# looking for a 12v tv with divx player



## riverboat2001 (Apr 2, 2009)

http://www.wedodigital.co.uk/produc...eeview-tv--dvd-player/meos-dvd154b/?reviews=2

I'm looking for a tv/dvd player that will play my divx dvd's and from a usb stick.

So far this is the only one i've found, can anyone offer opinions or a better choice?

Cheers


----------



## 113016 (Jun 5, 2008)

We have the very same TV and we are very happy with it  
The same people that you have posted about also sell on ebay under user name diddydigital.
We got it from ebay at about £20 cheaper than they were selling from their shop at the time.
We paid about £215 inc next day postage and we got it next day.


----------



## riverboat2001 (Apr 2, 2009)

do you use it for divx media, and a usb stick?


----------



## davenlyn (Apr 27, 2006)

Our Avtex will play divx from both disc and usb stick.


----------



## 113016 (Jun 5, 2008)

riverboat2001 said:


> do you use it for divx media, and a usb stick?


Sorry we only use it for tv & dvd, however we do use the 12 volt facility quite a lot.
I did try to put a standard sd card in last week and it wont fit. too big!


----------



## riverboat2001 (Apr 2, 2009)

davenlyn said:


> Our Avtex will play divx from both disc and usb stick.
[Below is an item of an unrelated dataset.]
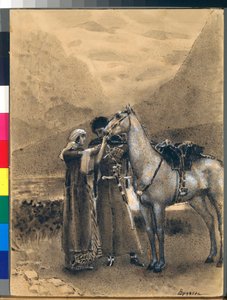 扎拉和伊斯梅尔的告别--米哈伊尔-莱蒙托夫（1814-1841 年）的诗歌《伊兹梅尔-贝》（Izmail-bey）插图--米哈伊尔-亚历山德罗维奇-弗鲁别尔（Vroubel）（1856-1910 年）的作品 作者 米哈伊尔·亚历山德罗维奇·弗鲁贝尔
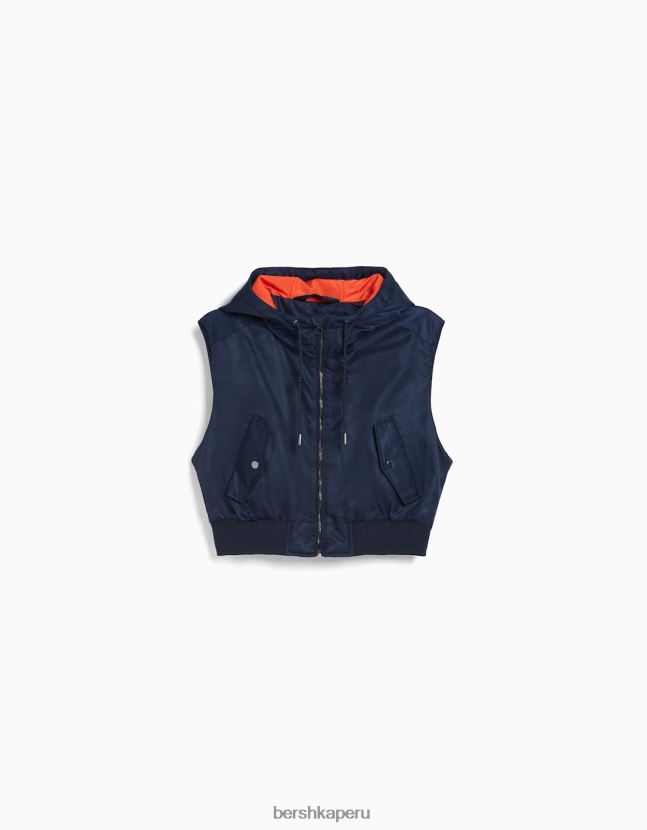 Armada Bershka mujer chaleco bomber corto con capucha 806J6B1171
which model is that please?


----------



## davenlyn (Apr 27, 2006)

Hi Riverboat,

I cant get to the van to check just now but I am pretty sure it is the 15" Avtex W152D 7in1 Digital TV/DVD, it wasnt cheap over £300 but we have had it 3 years and are really impressed with it. I dont think it is advertised as playing divx so we were pleasantly surprised when we tried it.


----------



## EJB (Aug 25, 2007)

Have a look at my advert, it may or may not suit:-

http://www.motorhomefacts.com/advert-view-details-1719.html

Specifications


----------



## riverboat2001 (Apr 2, 2009)

Cheers for the offer, but it doesn't say that it plays xvid or divx


----------



## davenlyn (Apr 27, 2006)

Hi Riverboat,

I have just been out to the van with my trusty USB stick and tried it again, it does play divx from the stick and it is the W152D here is a link to the manual for the updated model 
http://www.jacksons-camping.co.uk/videotv/tv-pdf/avtex-w153d-manual.pdf

I am pretty sure Snelly on here sells them


----------



## riverboat2001 (Apr 2, 2009)

http://www.wedodigital.co.uk/produc...y-freeview-tv--dvd-player--pvr/meos-dvdm133b/

Went for this one in the end.

slightly smaller, but will fit easily into my hideyhole, and still has all the functions i need. I also liked the integrated stand and handle.
two week wait for delivery though, will update forum when i get to play with it.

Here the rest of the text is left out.